Con una plástica visual de planos espaciados y líneas claras, Hernández no cae en el error de intentar remendar las creaciones artísticas del maestro del surrealismo, esbozando paisajes, detalles y escenas que remiten directamente a la mente del lector y las obras que le son referentes, bajo conceptos tales como la vida, el continuo devenir del tiempo, la reencarnación, la inmortalidad y, por supuesto, la muerte.

El sueño de Dalí no es un tratado al uso, su enfoque y aportación van más allá de la mera crónica o acumulación de datos. Así, se transforma en un panegírico para indagar en la psicología y motivaciones del hombre que se atrevió a declarar: “El surrealismo soy yo”.

La composición de las páginas es totalmente libre, sin encorsetarse en ningún tipo de estructura al uso y casi parece buscar sorprender con cada nueva planificación de página. Estas pasan de mostrar viñetas cerradas, al más estilo de álbum europeo, a splashpages de regusto yanqui, sin recato ni complejo.
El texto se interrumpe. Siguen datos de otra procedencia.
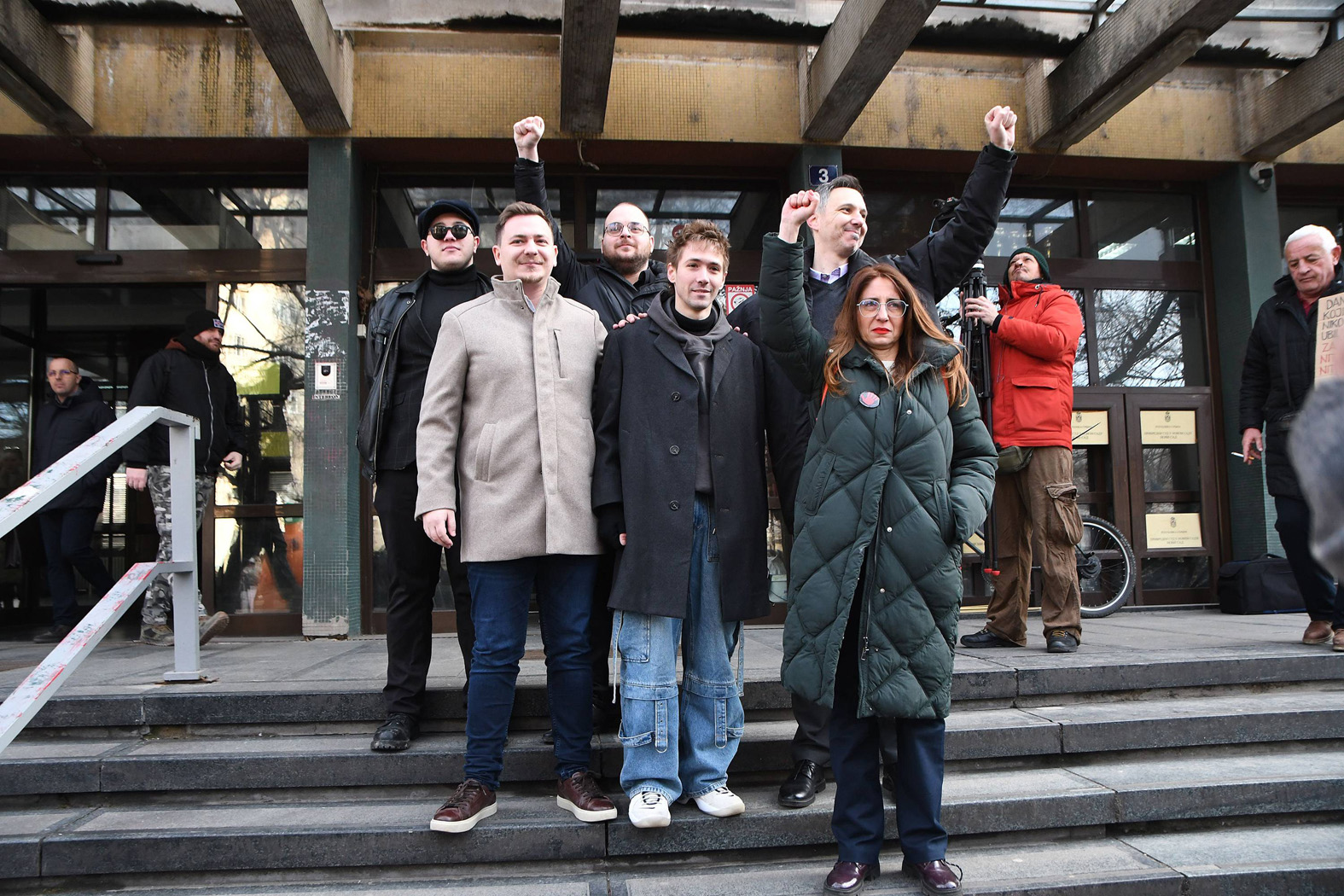 Odložen glavni pretres u procesu protiv 12 novosadskih studenata i aktivista optuženih za pokušaj rušenja ustavnog poretka 2 Odložen glavni pretres u procesu protiv 12 novosadskih studenata i aktivista optuženih za pokušaj rušenja ustavnog poretka 2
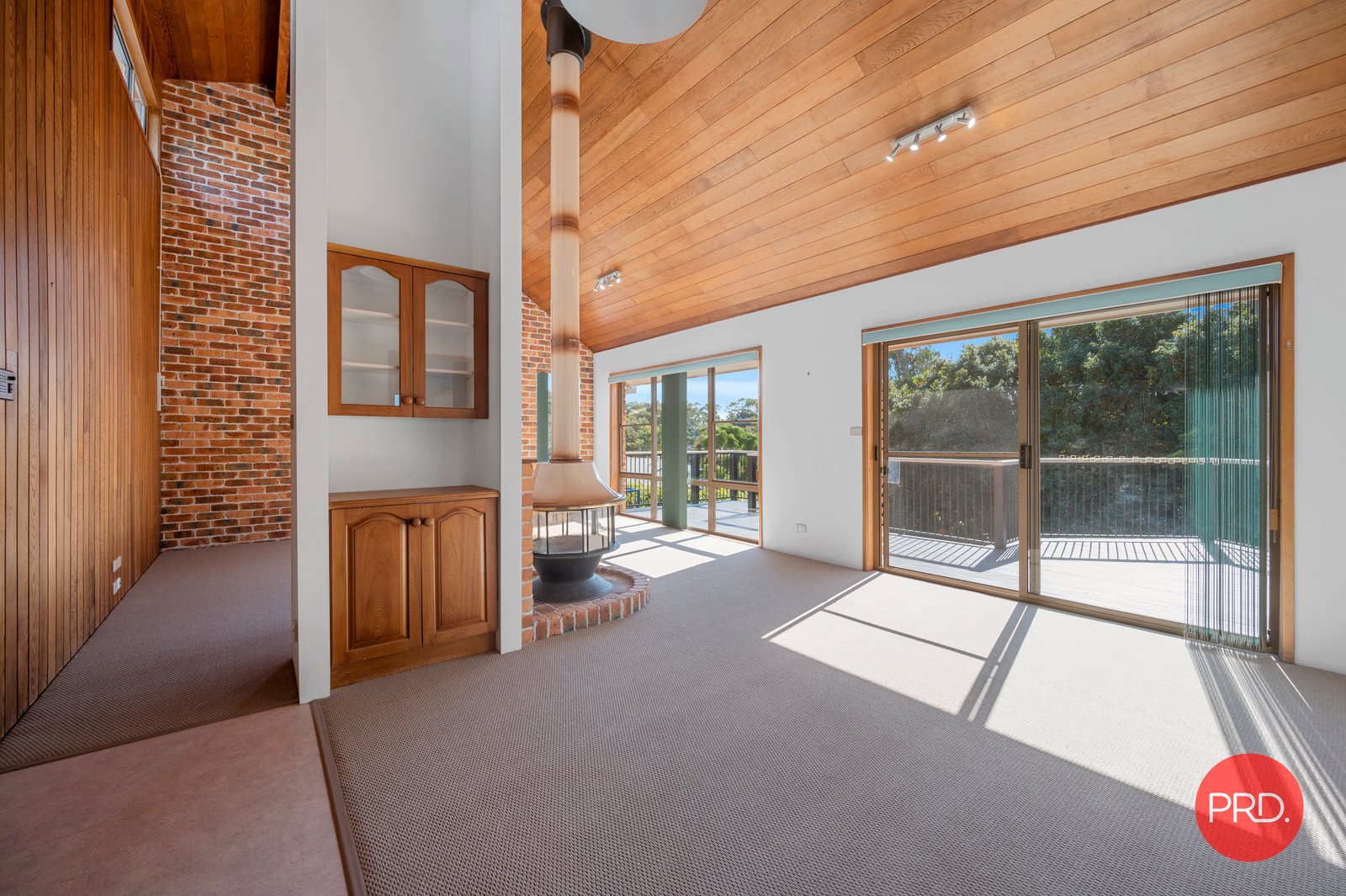 11 Alkina Street SAPPHIRE BEACH 4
Pero es en los diálogos, de presencia casi minimalista, donde Hernández nos acerca al Dalí más mundano y cercano, más realista dentro de lo inverosímil de la historia de un muchacho de Figueras capaz de asombrar al mundo con su creación. Así, con conversaciones casi esbozadas, tomaremos contacto con Luis Buñuel, con Federico García Lorca, con Gala Éluard, con Thomas Banchoff, personajes de carne y hueso que comparten decorados tan distantes y distintos como el París de la postguerra mundial, el Nueva York de la década de los años setenta, las carreteras del levante español, o una estación de Perpignan que se transforma en el centro del universo.